An Bedeutung verloren hat die Ausstellung dadurch nicht. Ganz im Gegenteil: Sie hat sogar an Relevanz gewonnen, denn Klimafiktion ist zu dem Literaturtrend schlechthin geworden. Die aktuellen Verlagsprogamme sind voll davon.
Wie kann die Klimakrise gezeigt werden?
Klimafiktion, so Kurator Jaccard, sei kein Genre, sondern ein «Label», das sich über sämtliche Gattungen erstreckt: von Science Fiction über Thriller, Krimis, Generationensagas und Gedichtzyklen bis hin zu Beziehungsgeschichten.
«Das Spektrum ist sehr breit. Der gemeinsame Nenner von Klimafiktion ist die Auseinandersetzung mit der globalen Erderwärmung», erklärt Jaccard.
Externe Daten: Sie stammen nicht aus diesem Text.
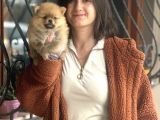 Pomeranian boo bebeklerimiz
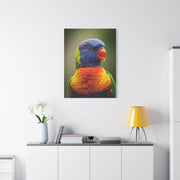 Vibrant Rainbow Lorikeet Wall Art & Canvas Prints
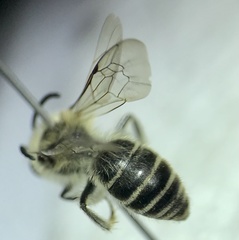 Colletes validus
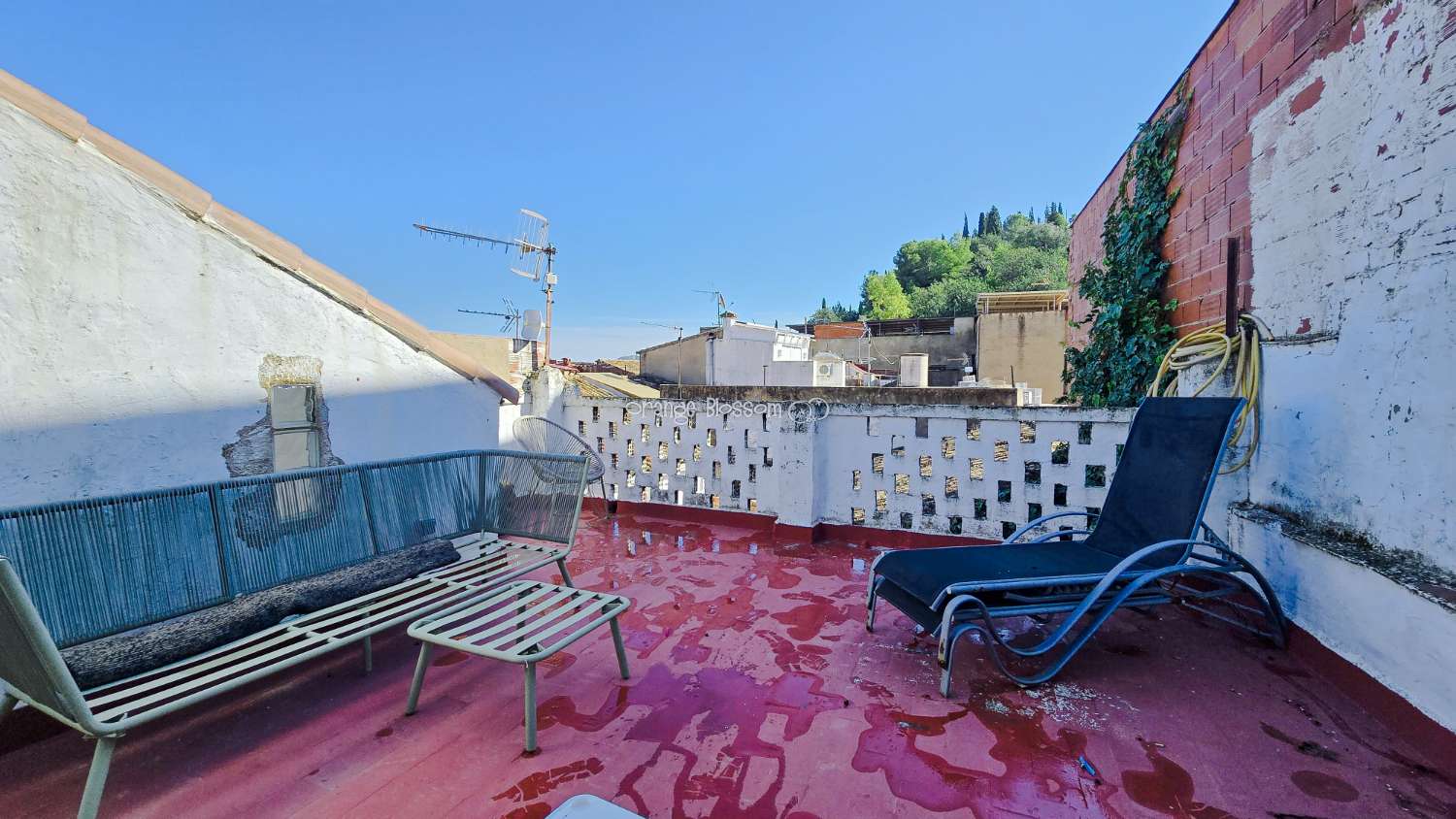 Beautifully Restored Townhouse with Independent Guest Annexe in Villalonga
Die Ausstellung will einen Überblick über die Vielfalt an klimafiktionalen Werken bieten. Anhand von typografisch ansprechend gestalteten Zitattafeln werden Klimatexte sämtlicher Genres vorgestellt.
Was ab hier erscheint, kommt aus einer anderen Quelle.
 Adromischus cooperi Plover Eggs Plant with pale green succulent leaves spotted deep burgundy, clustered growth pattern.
Auf Bildschirmen lassen sich Aussagen von Schriftstellerinnen und Schriftstellern zu Umweltthemen verfolgen.
Überdies veranschaulichen Grafiken an den Wänden, was die Menschheit auf ihrem Planeten anrichtet. Alle Graphen klettern nach oben: Zunahme des Wasserverbrauchs, Zunahme der Anzahl ausgestorbener Tierarten, Zunahme des Tourismus.
Zwei unterschiedliche Ausblicke in die Zukunft
So weit, so erwartbar. Eine Überraschung hingegen sind jene zwei Bücher, die Rémy Jaccard und sein Team zu den Herzstücken der Ausstellung gemacht haben.
Sie stellen einer Utopie eine Dystopie gegenüber, ein optimistisches Zukunftsbild einem pessimistischen.
Bei dem optimistischen Werk handelt es sich um «Das Ministerium für die Zukunft» des US-amerikanischen Science-Fiction-Autors Kim Stanley Robinson. In dem Buch geht es darum, wie es der Menschheit gelingt, die globale Erwärmung zu stoppen. Dafür schafft sie eine neue Institution, das titelgebende «Ministerium für die Zukunft». Dieses ist in Robinsons Buch übrigens in Zürich angesiedelt.
Gut gealterte Dystopie
Besonders eindrücklich ist der gegenübergestellte, dystopische Text: Es handelt sich nämlich um einen hundert Jahre alten Hitzeroman des Waadtländer Schriftstellers Charles Ferdinand Ramuz.
«Présence de la mort» stammt aus dem Jahr 1922. Das Werk ist trotz seines Alters hochaktuell.
Anregung zur Übersetzung des Romans
Ramuz hat das Buch während eines Hitzesommers am Genfersee geschrieben. Er beschreibt darin die Folgen einer unaufhaltsamen Erderwärmung – und die Reaktion der Menschen darauf.
Denn diese wissen zwar, dass sie in eine Katastrophe rennen, verdrängen das aber. Die Parallelen zur Gegenwart sind offensichtlich. Am Ende kommt es zur Auslöschung allen Lebens.
Bislang gibt es von «Présence de la mort» keine deutsche Version. Erst jetzt, angeregt durch die Strauhofschau «Climate Fiction», wird der Roman übersetzt. Ramuz' Hitzetext ist damit ein besonderes Fundstück der Ausstellungsmacher.
Auszüge aus der deutschen Fassung, die derzeit am Entstehen ist, kann man im Strauhof jetzt schon hören. Mit Blick auf eine Video-Installation: einer auf eine schwarze Leinwand projizierten, heissen, heissen Sonne.